:: What is needed ::
A word-for-word copy of the lines below, starting at the line with "TIRTIR Skin Fit" and ending at the last one, is what you should give. Omit every picture.

:: Source data ::
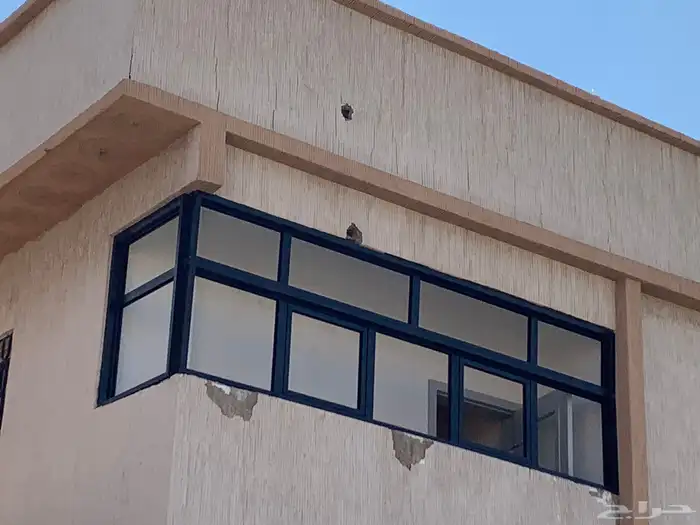 شبابيك المنيوم ابواب درابزين جميع اعمال حداده 10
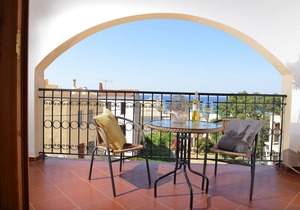 Castello Domus,Crete Residences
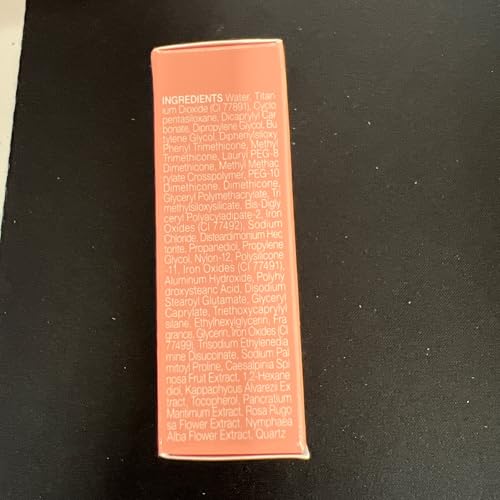 TIRTIR Skin Fit que se adapta a la piel para un acabado natural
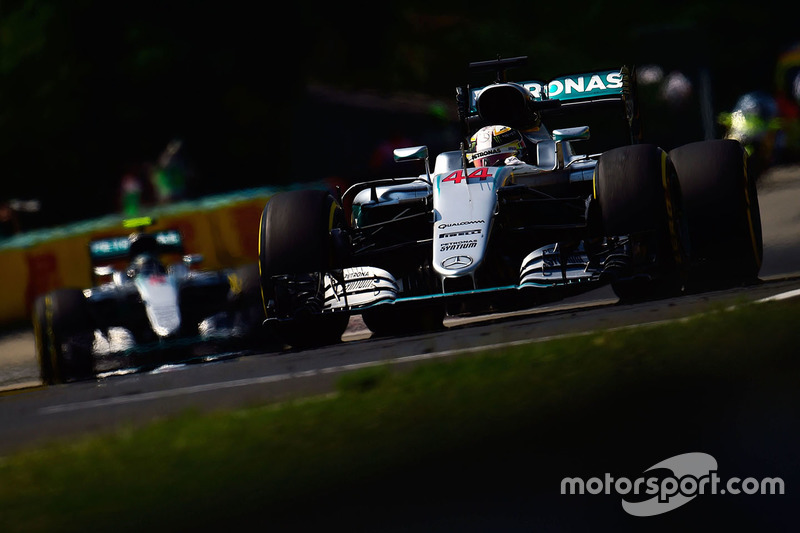 Mercedes: 43 очка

:: Finished task ::
 TIRTIR Skin Fit que se adapta a la piel para un acabado natural
 Mercedes: 43 очка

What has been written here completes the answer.